Re: [PATCH 4/5] ext4: introduce direct IO write code path using iomap infrastructure

Matthew Bobrowski <mbobrowski@xxxxxxxxxxxxxx> · Thu, 29 Aug 2019 21:45:17 +1000

On Wed, Aug 28, 2019 at 10:26:19PM +0200, Jan Kara wrote:
> On Mon 12-08-19 22:53:26, Matthew Bobrowski wrote:
> Overall this is very nice. Some smaller comments below.

Awesome, thanks for the review Jan!

> > @@ -235,6 +244,34 @@ static ssize_t ext4_write_checks(struct kiocb *iocb, struct iov_iter *from)
> >  	return iov_iter_count(from);
> >  }
> >  
> > +static ssize_t ext4_buffered_write_iter(struct kiocb *iocb,
> > +					struct iov_iter *from)
> > +{
> > +	ssize_t ret;
> > +	struct inode *inode = file_inode(iocb->ki_filp);
> > +
> > +	if (!inode_trylock(inode)) {
> > +		if (iocb->ki_flags & IOCB_NOWAIT)
> > +			return -EOPNOTSUPP;
> > +		inode_lock(inode);
> > +	}
> 
> Currently there's no support for IOCB_NOWAIT for buffered IO so you can
> replace this with "inode_lock(inode)".

Noted. I've also taken into consideration what Dave mentioned in the
other thread around explicitly checking for IOCB_NOWAIT and returning
EOPTNOTSUPP irrespective whether we can acquire the lock or not.

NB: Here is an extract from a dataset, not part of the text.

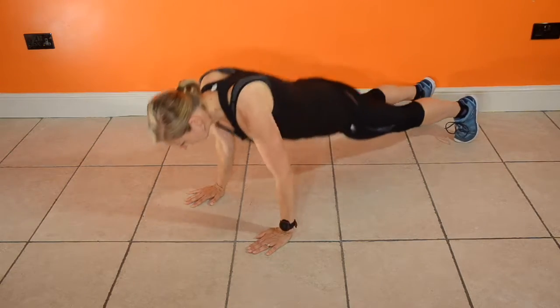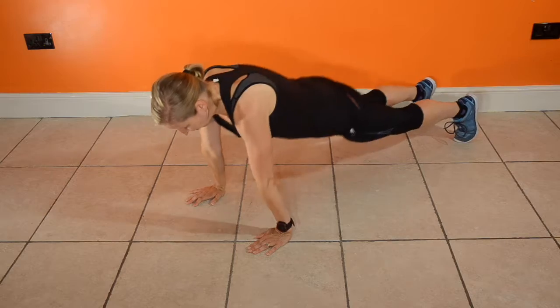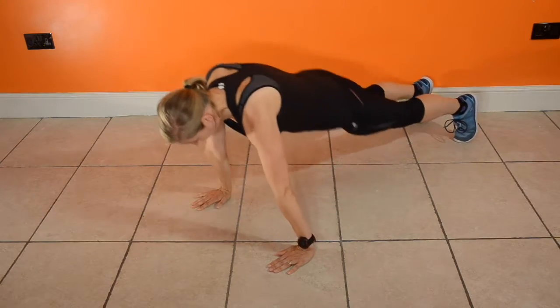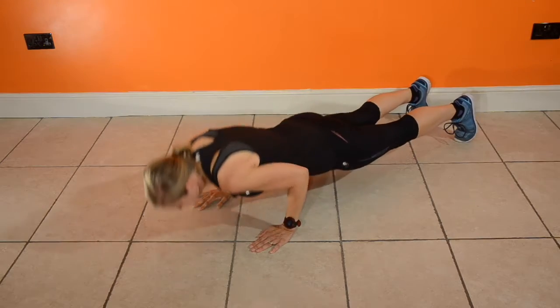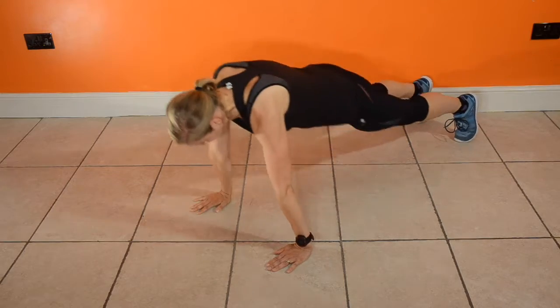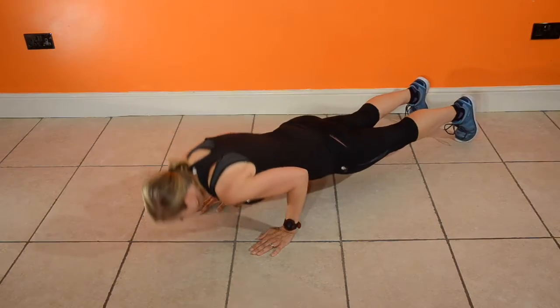So you're alternating between a regular press-up with the wider hands and then a tricep press-up with the narrow hands. Remember your good form — shoulders stacked over your hands, chest lowering down to the floor, engage those abs.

> > @@ -284,6 +321,128 @@ static int ext4_handle_inode_extension(struct inode *inode, loff_t size,
> >  	return ret;
> >  }
> >  
> 
> I'd mention here that for cases where inode size is extended,
> ext4_dio_write_iter() waits for DIO to complete and thus we are protected
> by inode_lock in that case.

Easy.

> > +static int ext4_dio_write_end_io(struct kiocb *iocb, ssize_t size,
> > +				 ssize_t error, unsigned int flags)
> 
> Here I'd expand the comment to explain that we wait in case inode is
> extended so that inode extension in ext4_dio_write_end_io() is properly
> covered by inode_lock.
>

Easy.

> > +	if (ret == -EIOCBQUEUED && (unaligned_aio || extend))
> > +		inode_dio_wait(inode);
> > +
> > +	if (ret >= 0 && iov_iter_count(from)) {
> > +		overwrite ? inode_unlock_shared(inode) : inode_unlock(inode);
> > +		return ext4_buffered_write_iter(iocb, from);
> > +	}
> > +out:
> > +	overwrite ? inode_unlock_shared(inode) : inode_unlock(inode);
> > +	return ret;
> > +}
> > +
> >  #ifdef CONFIG_FS_DAX
> >  static ssize_t
> >  ext4_dax_write_iter(struct kiocb *iocb, struct iov_iter *from)
> 
> ...
> 
> > @@ -3581,10 +3611,10 @@ static int ext4_iomap_begin(struct inode *inode, loff_t offset, loff_t length,
> >  		iomap->type = delalloc ? IOMAP_DELALLOC : IOMAP_HOLE;
> >  		iomap->addr = IOMAP_NULL_ADDR;
> >  	} else {
> > -		if (map.m_flags & EXT4_MAP_MAPPED) {
> > -			iomap->type = IOMAP_MAPPED;
> > -		} else if (map.m_flags & EXT4_MAP_UNWRITTEN) {
> > +		if (map.m_flags & EXT4_MAP_UNWRITTEN) {
> >  			iomap->type = IOMAP_UNWRITTEN;
> > +		} else if (map.m_flags & EXT4_MAP_MAPPED) {
> > +			iomap->type = IOMAP_MAPPED;
> >  		} else {
> >  			WARN_ON_ONCE(1);
> >  			return -EIO;
> 
> Possibly this hunk should go into a separate patch (since this is not
> directly related with iomap conversion) with a changelog / comment
> explaining why we need to check EXT4_MAP_UNWRITTEN first.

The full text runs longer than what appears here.